Perjanjian Bungaya juga menimbulkan
kerugian besar bagi kelompok pedagang internasional lain yang telah lama
berdagang di Somba Opu, terutama pedagang Inggris. Perjanjian tersebut
memutuskan bahwa semua pedagang Eropa (kecuali pedagang Belanda),
India/Moor, Jawa, Melayu, Aceh dan Siam dilarang berdagang di Makassar.

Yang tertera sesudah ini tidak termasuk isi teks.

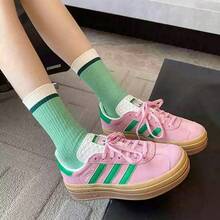 Adidas OriginalsGazelle女子防滑減震耐磨低筒板鞋 - 粉色 - 查看 5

Sehari setelah poin-poin Perjanjian Bungaya akhirnya disepakati pada 18
November 1667, para pedagang dari berbagai bangsa, terutama Inggris dan
Portugis, mulai meninggalkan Somba Opu. Dua hari setelahnya, Speelman
memasuki Benteng Jumpandang yang kelak diubah namanya menjadi Fort
Rotterdam.
Bagi pihak kerajaan kembar Gowa-Tallo sendiri,
perjanjian ini seolah menjadi penutup kejayaan Makassar sebagai kekuatan
paling besar di bagian timur Nusantara sejak awal abad ke-17.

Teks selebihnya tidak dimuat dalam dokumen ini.